The Bureau of Labor Statistics released the Consumer Price Index this morning.  This report is a measure of the average price change of a fixed basket of goods and services purchased by consumers.  In other words, it gives us a reading on inflation at the consumer level.  If inflation is on the rise, interest rates will follow.    Most economic data  to date has indicated inflation to be of very little concern today which is also supported by recent Fed statements; however, we are starting to hear more and more about inflationary pressures. READ MORE

Both the headline and the core inflation reading, which strips out volatile food and energy prices, indicated consumer prices increasing 0.1% in December.  This follows a 0.4% increase last month for the headline and 0.0% reading for the core. 

Year over year, overall prices increased 2.7% while the core rate increased only 1.8% in 2009. This year over year gain is more a function of record low levels of inflation last year as opposed to rising inflation this year. 

Overall the report was in line with economist expectations. Below is a table summarizing the data. I called attention to housing related price index. Notice all were UNCHANGED in December.

Once again we have economic data supporting inflationary pressures are in check despite the economic recovery which should allow the Fed to maintain the current accommodative stance with monetary policy.

Released at the same time as the CPI report was the Empire State Manufacturing Survey which is conducted by the New York Fed.  This monthly survey of around 175 manufacturing executives gives market participants a gauge into the strength of manufacturing in the New York region.   The bond market prefers slower growth which keeps inflationary pressures in check so they generally move higher when the report is less than expected.  This survey plunged last month to a 2.55 reading after November’s 23.51 and October’s 34.57.  Economists surveyed prior to the release expected a rebound to 12.0.  The release of the survey indicated higher than expected optimism with manufactures posting a reading of 15.92.   Since this is the lowest impacting report of the day, it had no affect on the markets. 

The next report of the day was Industrial Production, which measures output at U.S. factories, utilities and mines.   The report indicated Industrial Production increased 0.6% matching economists’ expectations.  
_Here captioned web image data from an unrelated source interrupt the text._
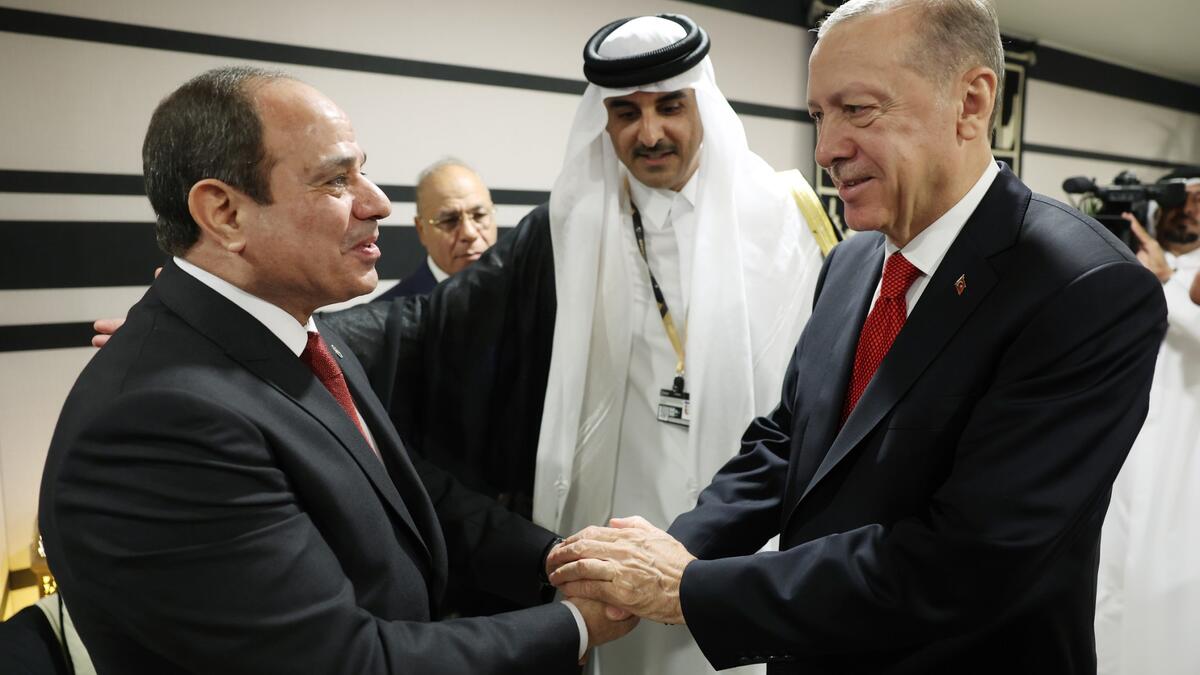 3) This handout photograph taken and released by The Press Office of the Presidency of Turkey on November 20, 2022, shows Turkish President Recep Tayyip Erdogan (R) shakes hands with Egyptian President Abdel Fattah el-Sisi as they are welcomed by Qatari Emir Sheikh Tamim bin Hamad al-Thani (2ndR)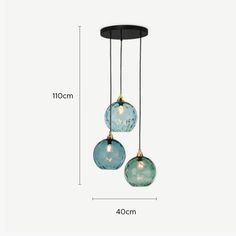 three glass globes hanging from the ceiling with measurements for each bulb and one light fixture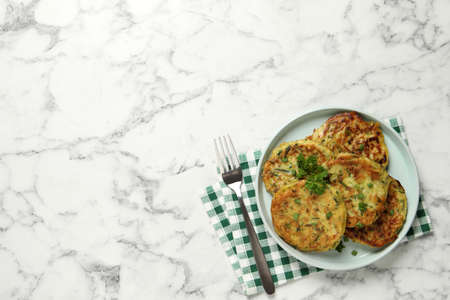 Delicious zucchini fritters served on white marble table, flat lay. Space for text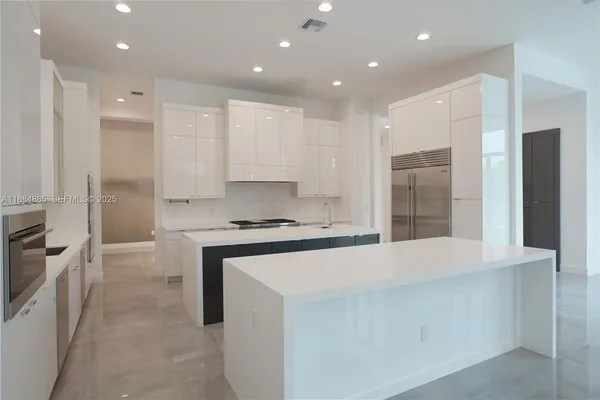 a view of storage and utility room with washer and dryer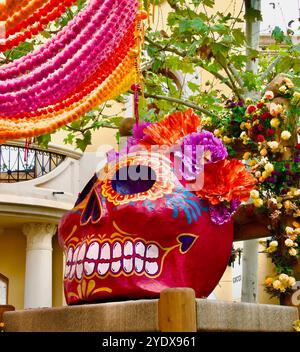 Crâne en papier géant mâché peint sur une immense chaise pour Halloween ou Day of the Dead dehors dans le centre commercial Las Rozas Village Madrid Espagne Banque D'Images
The final report for the week lets us know how you, the consumer, is feeling: the Consumer Sentiment report.  The University of Michigan’s Consumer Survey Center questions 500 households each month on their personal financial condition and attitudes about the overall economy.  An optimistic consumer is much more likely to spend money while a pessimistic consumer is more likely to save.   Since our economy is driven by consumer spending, stocks generally improve with optimistic consumers while bonds benefit with pessimism.   The release indicates consumer sentiment holding steady but below expectations at 72.8 following last month’s 72.5.  Market was looking for a 74.0 reading. 
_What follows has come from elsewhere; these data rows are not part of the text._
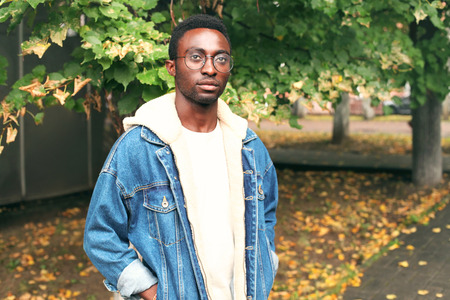 Fashion african man wearing jeans jacket, eyeglasses in autumn parkの写真素材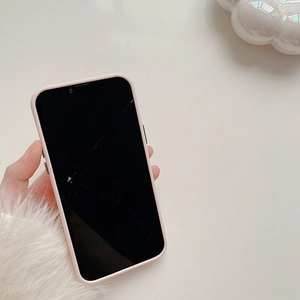 Pink heart crinkle silicone case for iPhone 16 Pro Max shown held over a white desk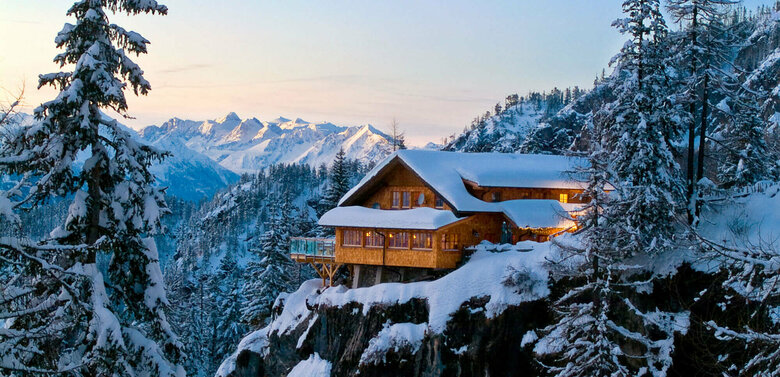 Die Dolomitenhütte auf einem Felsen in den Lienzer Dolomiten im Winter in der Dämmerung.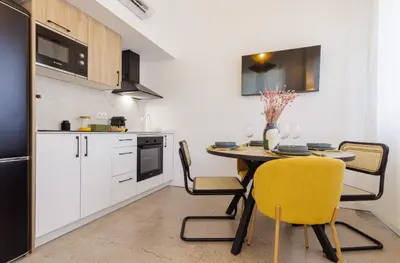 a kitchen with a table and yellow chairs in a kitchen at Naturaloft in Valencia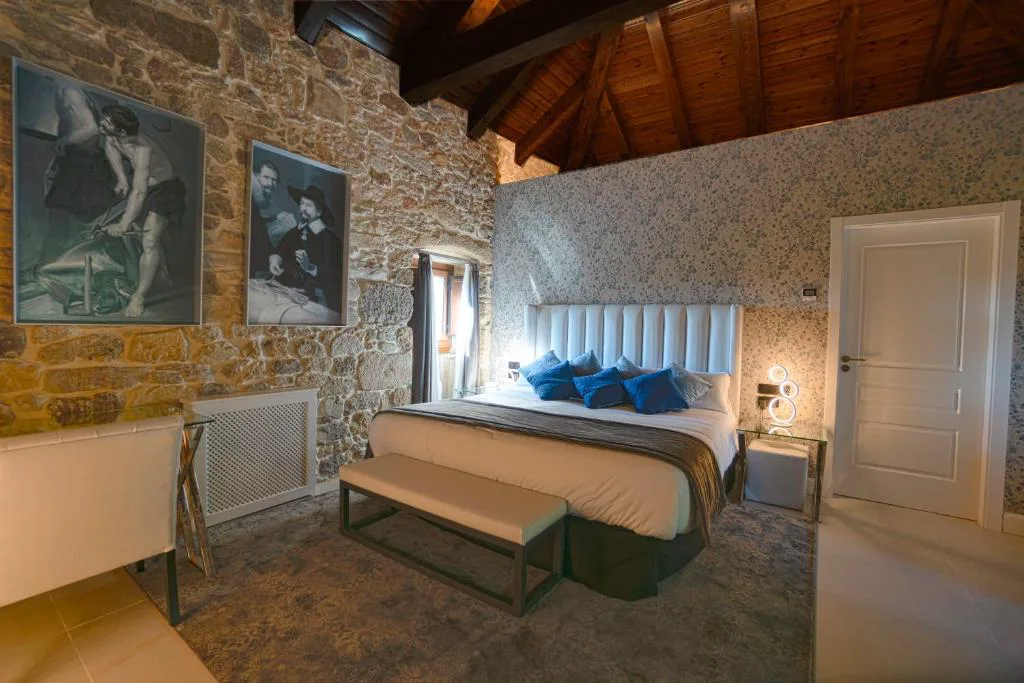 Habitación con cabecero capitoné y cuadros clásicos sobre pared de piedra, Hotel As Torres da Hermida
Ok so what happened to mortgage rates after this morning's economic data?

WE GOT THOSE MORTGAGE RATE IMPROVEMENTS WE WERE EXPECTING YESTERDAY!
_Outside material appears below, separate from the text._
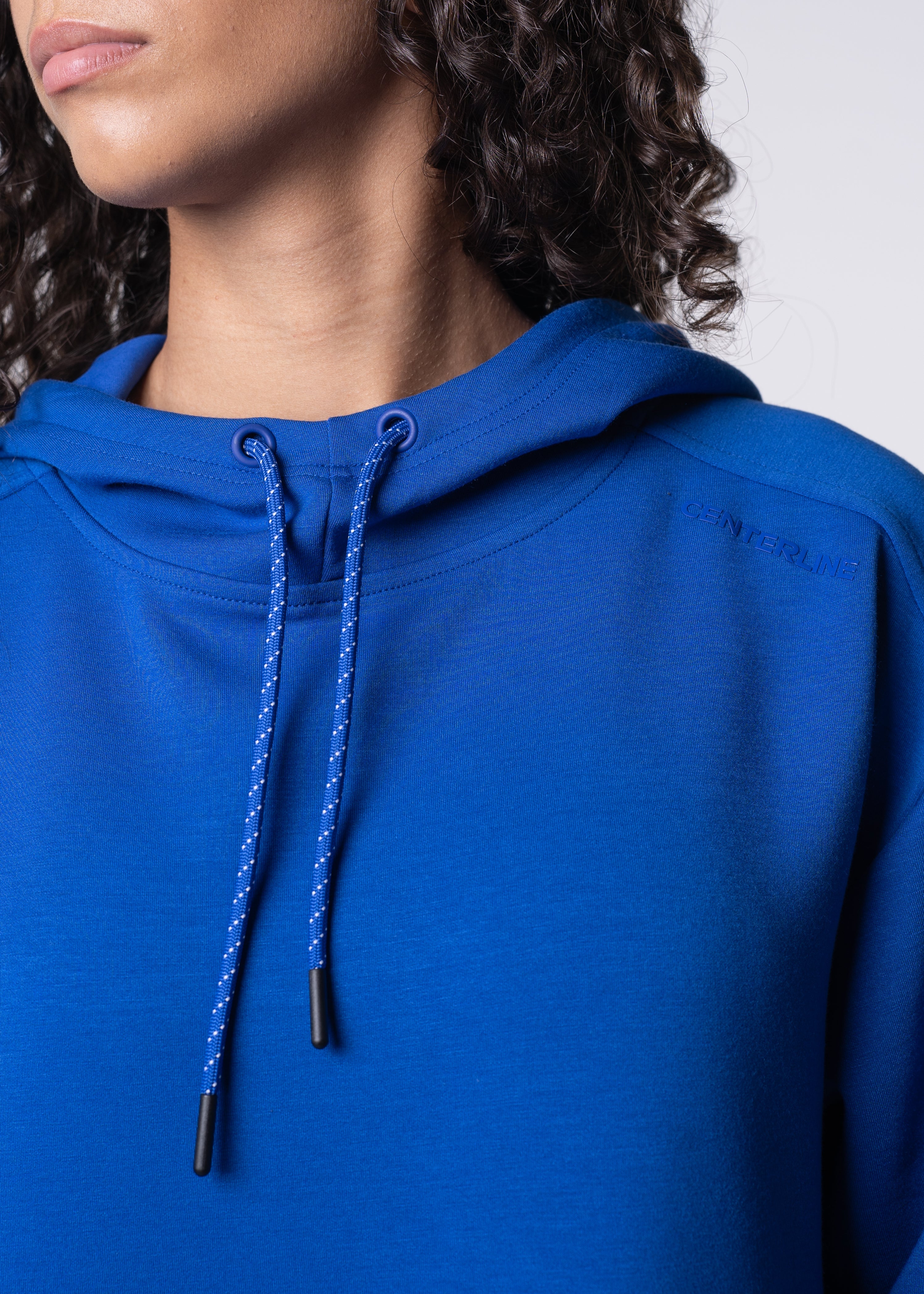 Woman in blue hoodie.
Reports from fellow mortgage professionals indicate lender rate sheets to be at their best levels in a month. While the most aggressive lenders were offering 4.75% today, most lenders still have 30 year conventional par mortgage rates in the 4.875% to 5.125% range for well qualified consumers.  To secure a par rate you must have a FICO credit score of 740 or higher, a loan to value at 80% or less and pay all closing costs including an estimated one point loan origination/discount/broker fee. 

While I am comfortable with a float recommendation into next week, I must share with you that we are very defensive of these mortgage rate improvements. We don't see gains being a long lasting trend. With that in mind, if you are closing in the next month, you should be looking to lock in soon. If you are a "fence sitter" or have an Interest Only ARM that is about to adjust,  you should be considering a refinance before interest rates start rising. I hope its obvious how defensive we are...floating one day at a time.

I hope everyone has a fantastic weekend. All markets will be closed on Monday in honor of  Martin Luther King Jr. Day.